4.3 Privacy Compliance. As no personal data is processed, a Data Processing Agreement (DPA) is not required. AWEsome Numbers Inc adheres to best practices in system security and confidentiality, suitable to support aggregate analytical data workflows.
5. SUPPORT AND SERVICE LEVELS
5.1 Support. AWEsome Numbers Inc shall provide support as outlined in the applicable Proposal or AWEsome Numbers Inc’s standard support policy.
5.2 Service Availability. AWEsome Numbers Inc shall use commercially reasonable efforts to make the Service available with a Monthly Uptime Percentage of 99.5%, excluding scheduled maintenance and force majeure events.
6. FEES AND PAYMENT
6.1 Fees. Customer shall pay fees as specified for each product. Fees are non-cancelable and non-refundable, except as expressly provided herein.
6.2 Invoices. Unless otherwise stated, fees are due within 15 days of the invoice date. Late payments may accrue interest at the lesser of 1.5% per month or the maximum rate permitted by law.
6.3 Taxes. Fees exclude all applicable taxes, and Customer shall be responsible for all such taxes except those based on AWEsome Numbers Inc’s net income.
7. INTELLECTUAL PROPERTY
7.1 Ownership. AWEsome Numbers Inc retains all rights, title, and interest in and to the Service, including all Intellectual Property Rights. No rights are granted to Customer except as expressly set forth herein.
7.2 Feedback. AWEsome Numbers Inc may use any suggestions, enhancement requests, or feedback provided by Customer without restriction or compensation.
8. CONFIDENTIALITY
8.1 Definition. “Confidential Information” means non-public business, technical, or financial information disclosed by one party to the other.
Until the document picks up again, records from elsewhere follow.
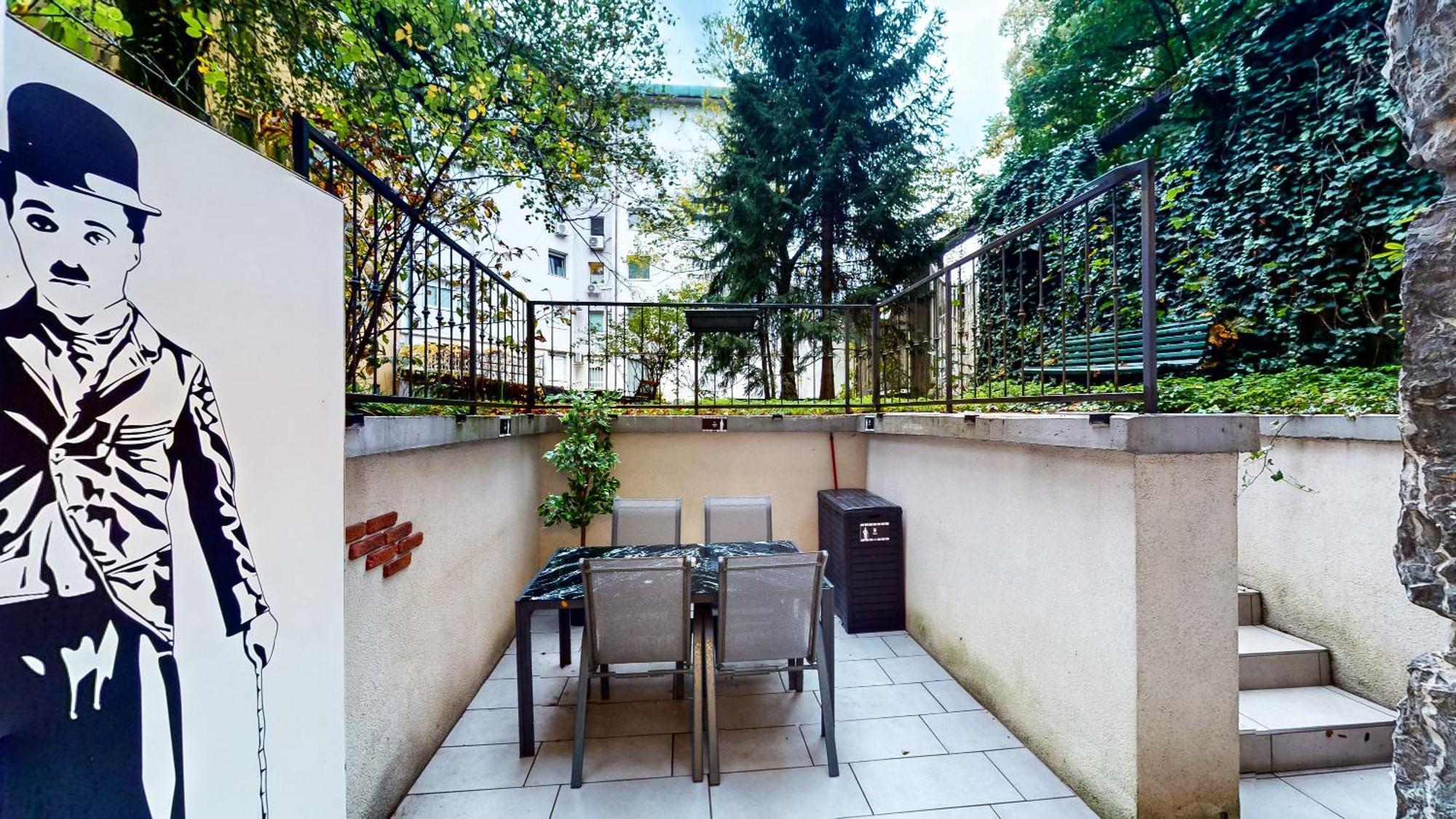 Chaplin Apartment - Free Garage Parking Ljubljana Exterior photo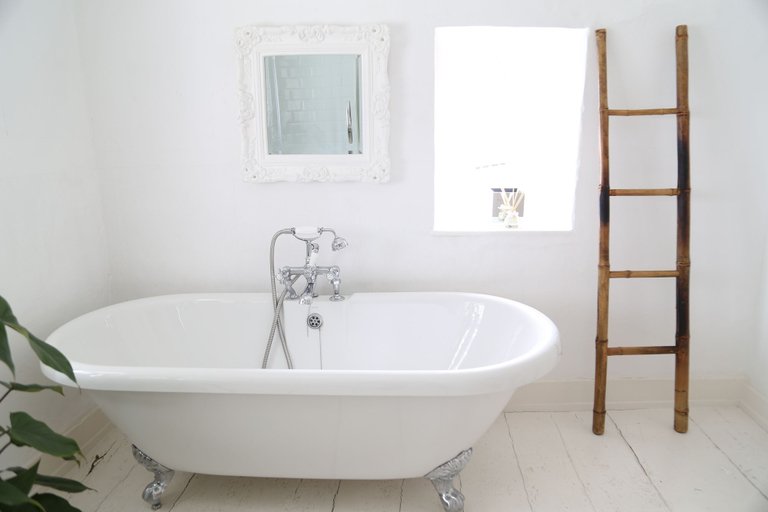 Bathroom 4, Seagrave Arms, Worcestershire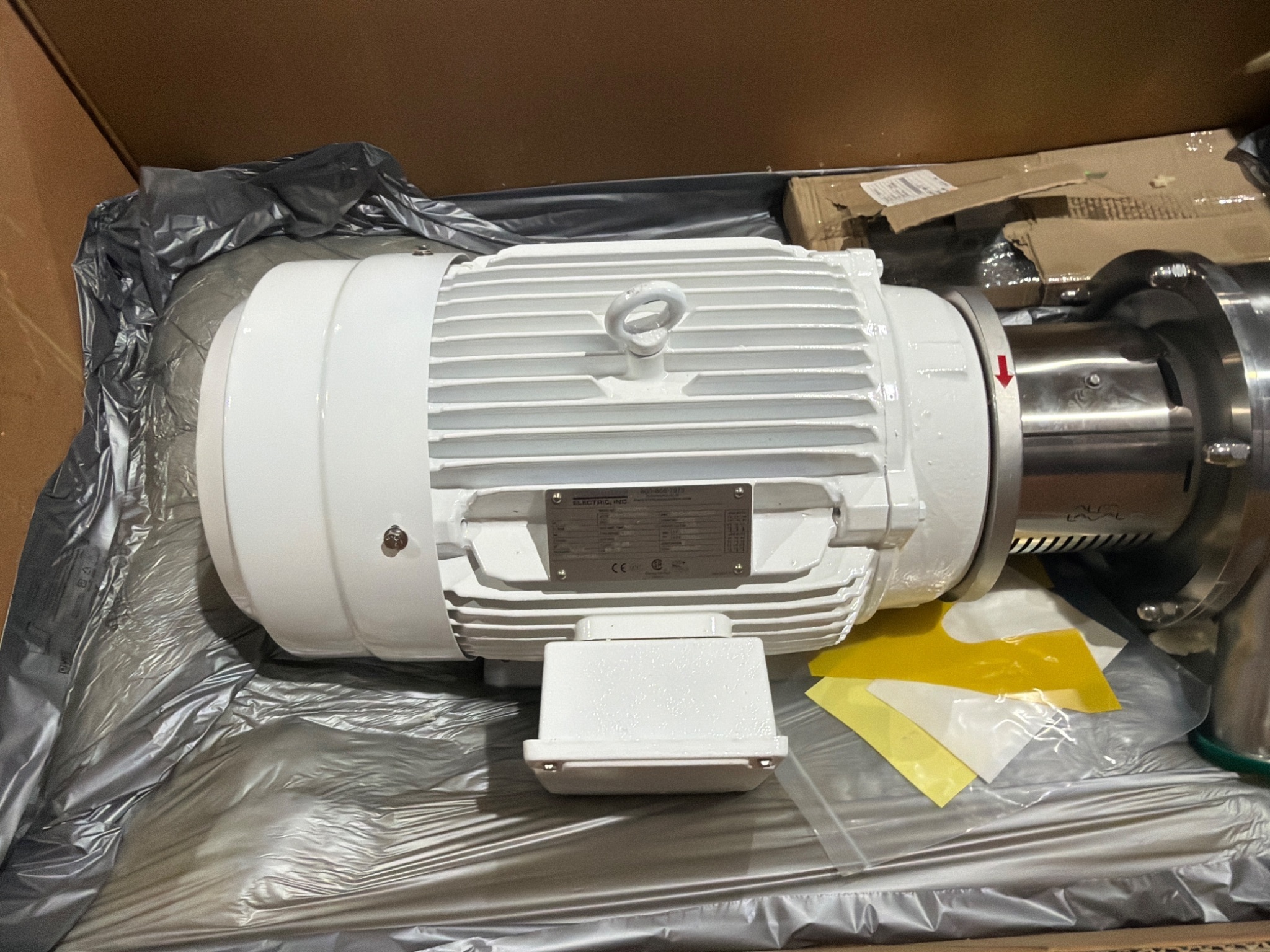 Sterling Electric TH0202PHA 20 HP 3 Phase Severe Duty Motor NEW 4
8.2 Obligations. Each party agrees to maintain the confidentiality of the other party’s Confidential Information and not disclose or use it for any purpose outside the scope of this Agreement.
9. WARRANTIES AND DISCLAIMERS
9.1 Mutual Warranties. Each party represents and warrants that it has the legal authority to enter into this Agreement.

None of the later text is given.